This morning I am resolved again. I must think of my diaries differently. Since I have been on No Buy for almost a year now, most of my collection is from 2017. A few items are a bit older. I think that's interesting. I shopped a lot in 2017, and I have a detailed diary for the year that chronicles what I got when. When I look back at this diary, I'm not going to go back online to recreate the shopping episodes. Instead, I'll go to my beauty shelf and appreciate and use the items purchased previously. 

I also have a diary for all of 2018, showing that I was able to be successful on a No Buy through the year. This book must be completed, with a strong finish and a happy ending. Then it will be a guide to follow every year going forward. 

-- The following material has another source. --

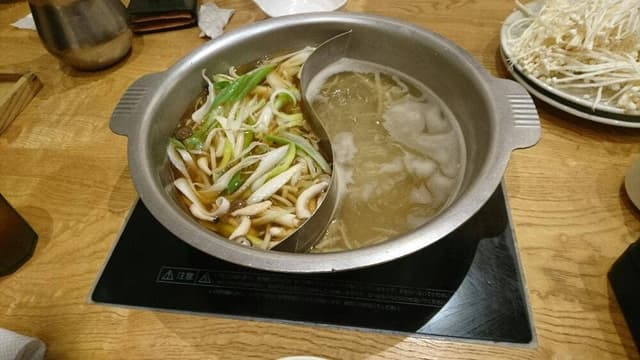 しゃぶ菜 モレラ岐阜店 - サブ画像2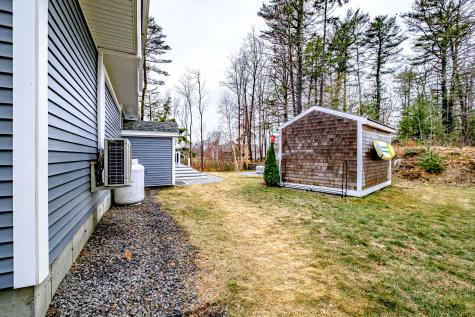 39 Aster Lane Cape Elizabeth ME 04107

I will finish the book of my 2018 No Buy, and it will have a fairy tale ending! 📖 

I had my shower and washed my hair, and did some cleaning and laundry. I had a nice breakfast. Yesterday my hot water heater was down and I could not take my shower and I felt so dirty. My room was dirty and messy as I did not want to do anything but shop online, and I had nothing good to eat in the house. Mentally I felt dirty and ashamed. I was not having fun. I felt my body was dirty, my mind was dirty, and my surroundings were dirty. And the more I looked, the more things I found online, and I felt myself falling into an endless, endless black hole .........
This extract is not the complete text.